# Thread: Polynomial irreducible over an extension

1. ## Polynomial irreducible over an extension

Can someone verify whether or not this proof works for me? Thanks.

Suppose that $\displaystyle p(x) \in F[x]$ and $\displaystyle E$ is a finite extension of $\displaystyle F$. If $\displaystyle p(x)$ is irreducible over $\displaystyle F$ and $\displaystyle \mbox{deg}(p(x))$ and $\displaystyle [E:F]$ are relatively prime, show that $\displaystyle p(x)$ is irreducible over $\displaystyle E$.

Suppose $\displaystyle p(x)$ is reducible over $\displaystyle E$. Then $\displaystyle p(x)$ has a root in $\displaystyle E$, call it $\displaystyle a$ (this part feels true but I can't verify it nicely...basically if it's reducible but not by splitting out $\displaystyle x-a$, the coefficients will be from $\displaystyle F$, but then it would be reducible over $\displaystyle F$). Take the subextension $\displaystyle F(a)$. Then since $\displaystyle F(a) \cong F[x]/\langle p(x) \rangle$ we have $\displaystyle [F(a):F]=\mbox{deg}(p(x))$. Then $\displaystyle [E:F]=[E:F(a)][F(a):F]$ but this implies that $\displaystyle [F(a):F]$ divides $\displaystyle [E:F]$ which it does not since $\displaystyle [F(a):F]=\mbox{deg}(p(x))$ and $\displaystyle \mbox{deg}(p(x))$ and $\displaystyle [E:F]$ are relatively prime.

2. ## Re: Polynomial irreducible over an extension

Originally Posted by AlexP
Can someone verify whether or not this proof works for me? Thanks.

Suppose that $\displaystyle p(x) \in F[x]$ and $\displaystyle E$ is a finite extension of $\displaystyle F$. If $\displaystyle p(x)$ is irreducible over $\displaystyle F$ and $\displaystyle \mbox{deg}(p(x))$ and $\displaystyle [E:F]$ are relatively prime, show that $\displaystyle p(x)$ is irreducible over $\displaystyle E$.

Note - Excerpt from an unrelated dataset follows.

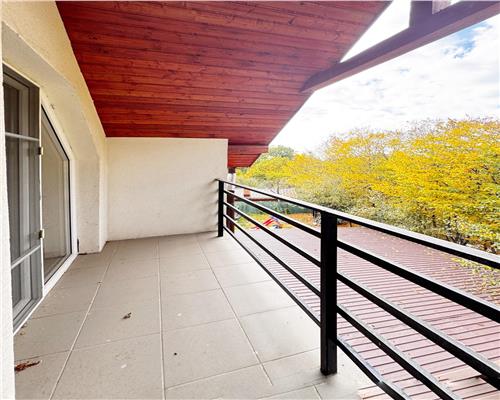 Casa tip duplex, pe 3 nivele, curte privata,  zona Hangita, Baia Mare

Suppose $\displaystyle p(x)$ is reducible over $\displaystyle E$. Then $\displaystyle p(x)$ has a root in $\displaystyle E$, call it $\displaystyle a$ (this part feels true but I can't verify it nicely...basically if it's reducible but not by splitting out $\displaystyle x-a$, the coefficients will be from $\displaystyle F$, but then it would be reducible over $\displaystyle F$). Take the subextension $\displaystyle F(a)$. Then since $\displaystyle F(a) \cong F[x]/\langle p(x) \rangle$ we have $\displaystyle [F(a):F]=\mbox{deg}(p(x))$. Then $\displaystyle [E:F]=[E:F(a)][F(a):F]$ but this implies that $\displaystyle [F(a):F]$ divides $\displaystyle [E:F]$ which it does not since $\displaystyle [F(a):F]=\mbox{deg}(p(x))$ and $\displaystyle \mbox{deg}(p(x))$ and $\displaystyle [E:F]$ are relatively prime.
no, your proof is not complete because $\displaystyle p(x)$ may not have any root in $\displaystyle E$. you need to pick a root $\displaystyle a$ of $\displaystyle p(x)$ in some extension of $\displaystyle F$ and let $\displaystyle q(x)$ be the minimal polynomial of $\displaystyle a$ over $\displaystyle E$. clearly

$\displaystyle \deg q(x) \leq \deg p(x). \ \ \ \ \ \ \ (1)$

we also have

$\displaystyle [E(a):E)][E:F]=[E(a):F(a)][F(a):F]. \ \ \ \ \ \ (2)$

from $\displaystyle (2)$ and the problem hypothesis it follows that $\displaystyle \deg p(x) \mid \deg q(x)$ and so by $\displaystyle (1)$

$\displaystyle \deg p(x)=\deg q(x). \ \ \ \ \ \ (3)$

let $\displaystyle r(x)=q(x)-p(x) \in E[x].$ then $\displaystyle \deg r(x) < \deg q(x)$ by $\displaystyle (3).$ we also have $\displaystyle r(a)=0$ and hence $\displaystyle r(x)=0$ by the minimality of $\displaystyle q(x).$ hence $\displaystyle q(x)=p(x)$ and we are done.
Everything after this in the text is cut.